第2話「メタ飲み会」

「かんぱーい!」


 その日はクラブの建物でバーチャル飲み会が実施されていた。酒は飲めなくてもそこは仮想空間だ、脳内の報酬系に関与してアセチルコリンやドーパミン、GABAその他いろいろを自由に操れるようになり、未成年でも仮想的に酔うことができるようになった。
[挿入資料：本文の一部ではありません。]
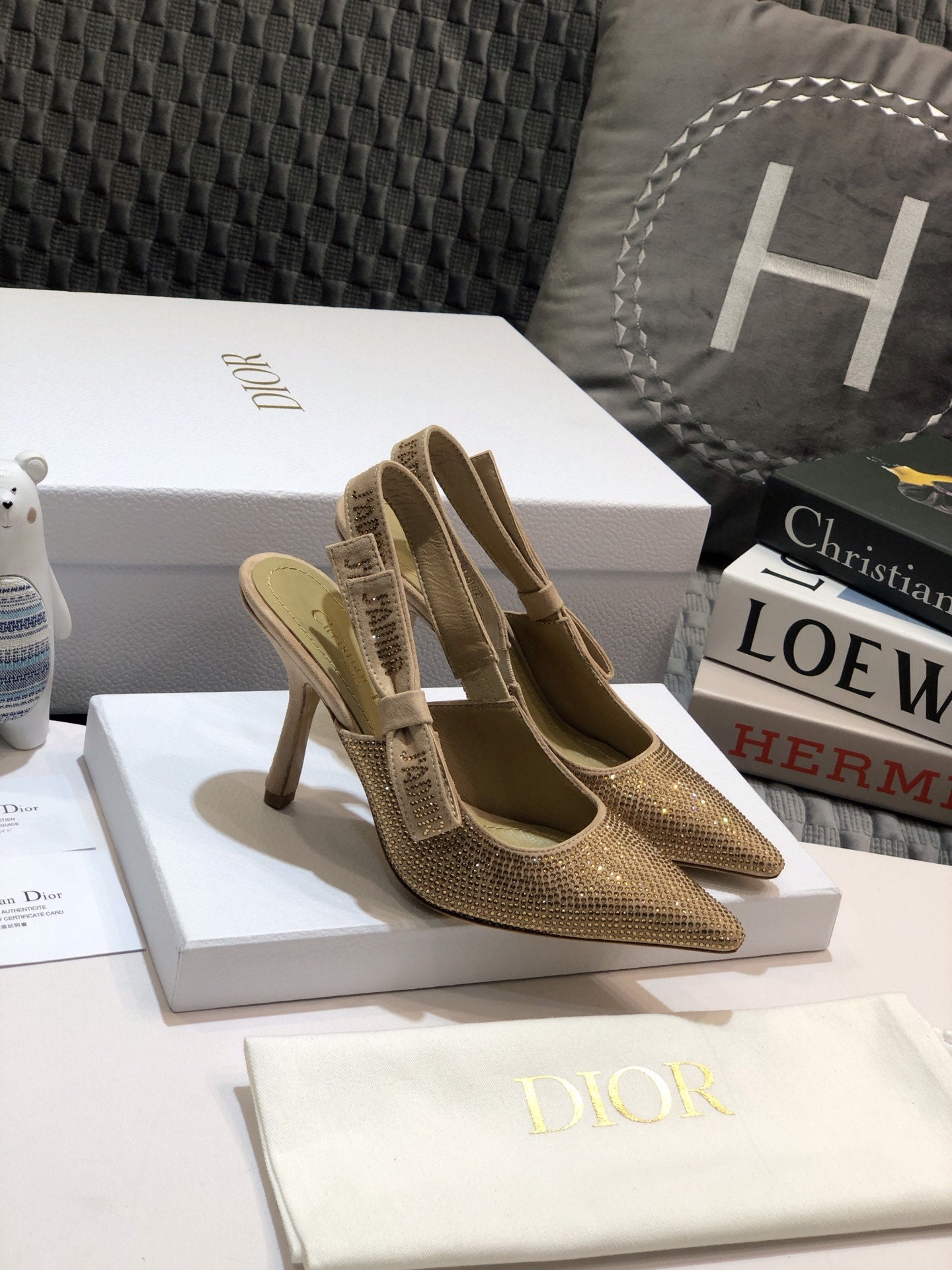 DIOR JA DIOR slingback pump 95 beige full diamond crystal and seude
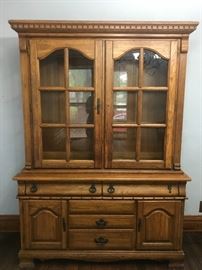 Solid oak china cabinet 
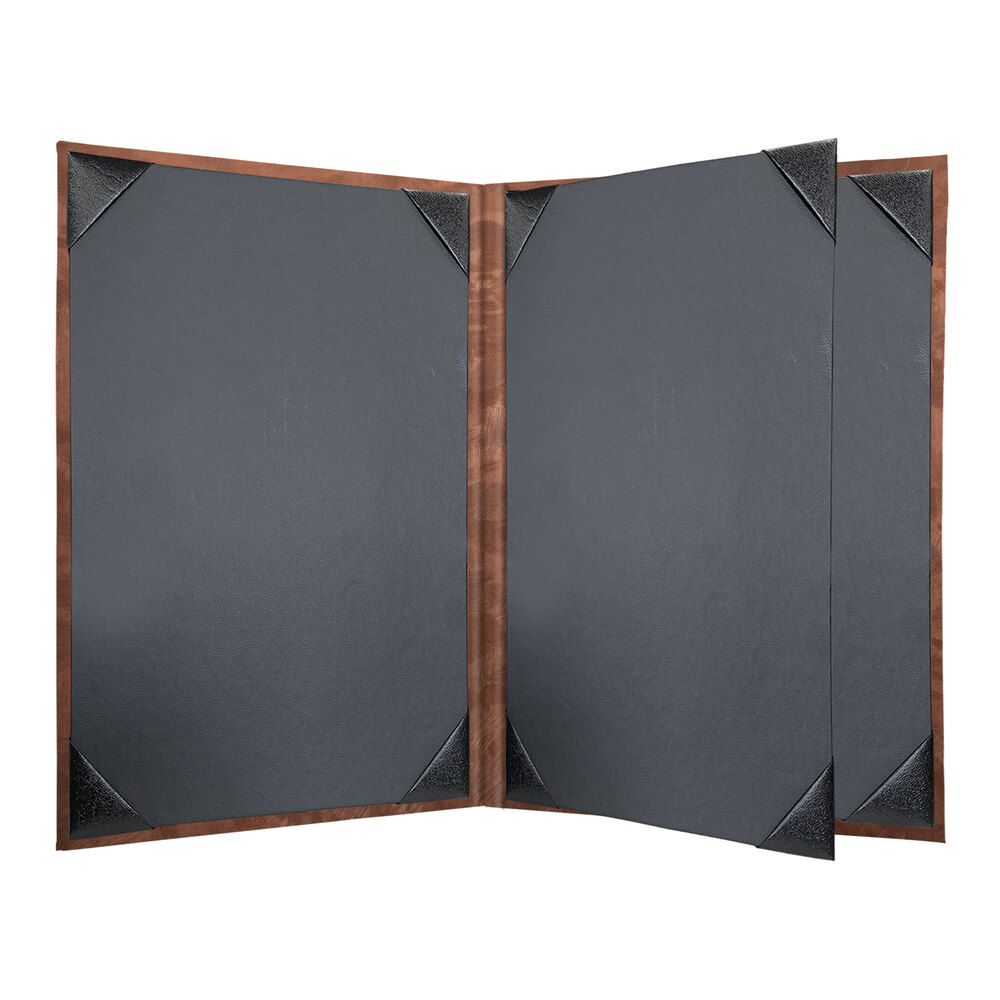 H. Risch, Inc. MET-4V Bronze Brushed Metallic 5 1/2" x 8 1/2" Customizable 4 View Menu Cover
無論『クローバー』ではリアルの話が禁止なので、見えている美少女のアバターを動かしているのが誰かなど皆気にしていない。


「サッカリンさあ……もうちょっとハウスを大きくできないの? 結構狭いよ?」


 サッカリンは心外だという風な顔をする。


「無茶を言わないでもらえる? ブルースフィアでの土地が高いのは知っているでしょ?」


 無論メインサーバーから遠く離れた維持費の安いリージョンに入れば土地代も安くなる。しかしそのためにはリージョン移動が必要であり、サーバを変えればそれに伴いスマートコントラクトで土地の買い換えが必要だ。引っ越しには無論キャラがNFTだろうとお金がかかる。少なくとも見た目だけは美少女なのに汗水垂らして労働にいそしむ気は誰にも無かった。
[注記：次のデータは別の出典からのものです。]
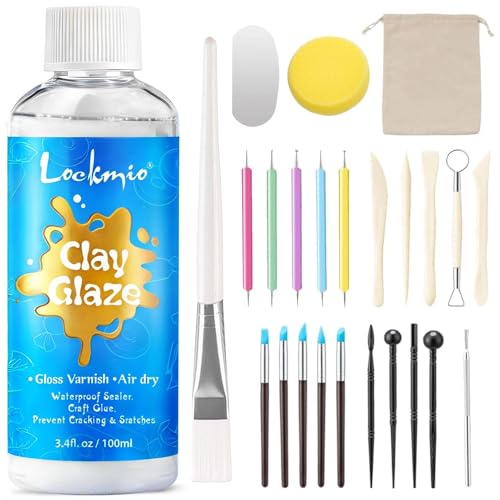 3.4FL OZ Air Dry Clay Glaze & 25pcs Tools Kit, Gloss Protective Sealant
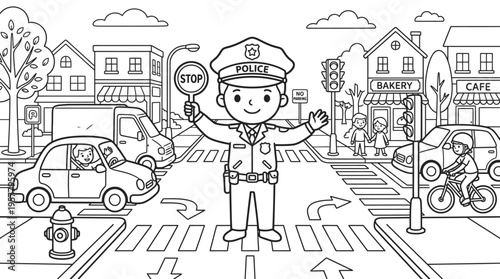 Little boy directing traffic with sign.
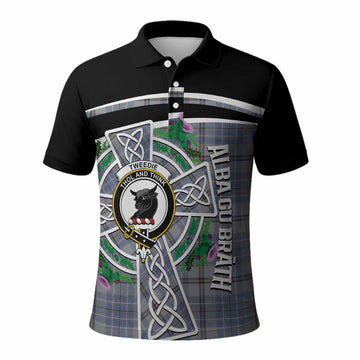 Tweedie Tartan Crest Polo Shirt Scottish Thistle Celtic Cross Alba Gu Brath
「サッカリンを責めてあげないの! 何をするにもお金がかかるんだよ?」


 ロックがベロニカをたしなめる。この空間に上下関係は存在しないが、設立者であるサッカリンが一応このクラブの代表ということになっている。権力も無いのに責任を求められるわけにもいかないだろう。


「はーい……」


 あまったるい声でベロニカが反省する。ボイスエンコーダーの設定を変えただけで本人はまったく反省していないで有ろう事は皆分かっている。
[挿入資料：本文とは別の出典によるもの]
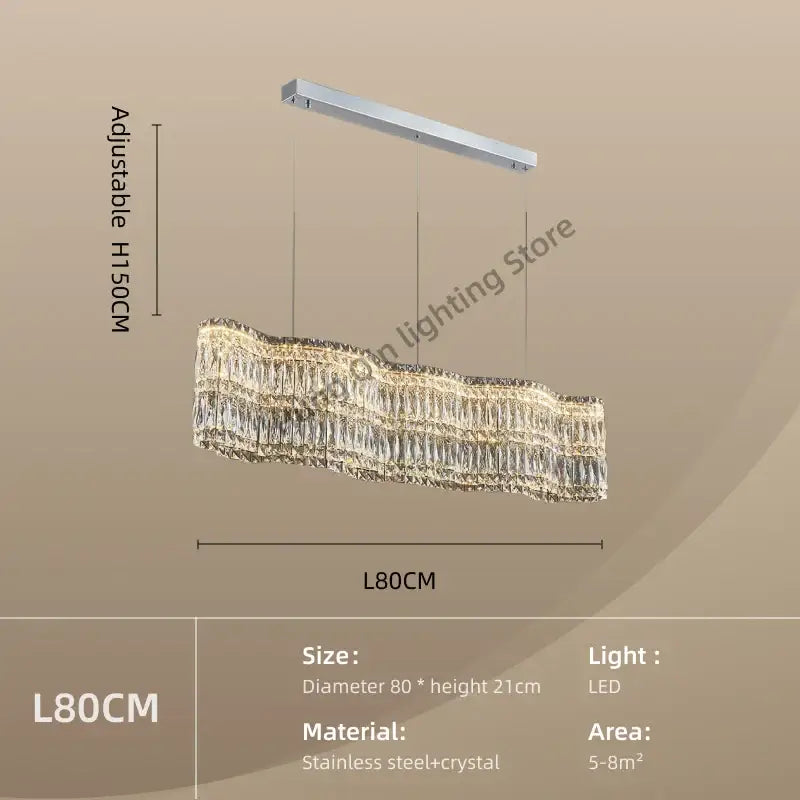 DecorBites™ Crystal Chandelier Pendant Light, Elegant Hanging Lamp Fixture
「ベロニカも懲りないわねえ……あなたがハウジングするのは止めないよ? でもね、サッカリンにあたるのはどうかと思うな」


 秋月もサッカリン派のようだ。その場で黙っていた紅葉も発言をする。


「わ、私はサッカリンちゃんがここを選んだならここに残るよ……他に行くところ無いし……」


 三人にたしなめられてさすがにベロニカも反論はしなかった。不要な争いを避けるのはこのクラブの不文律だ。たとえ五人が入っただけで目の前のポリゴンが被ってしまうとしても、東京リージョンでハウジングをしたならそれなりの金がかかっている。資本主義というのは仮想空間でも有用なのだ。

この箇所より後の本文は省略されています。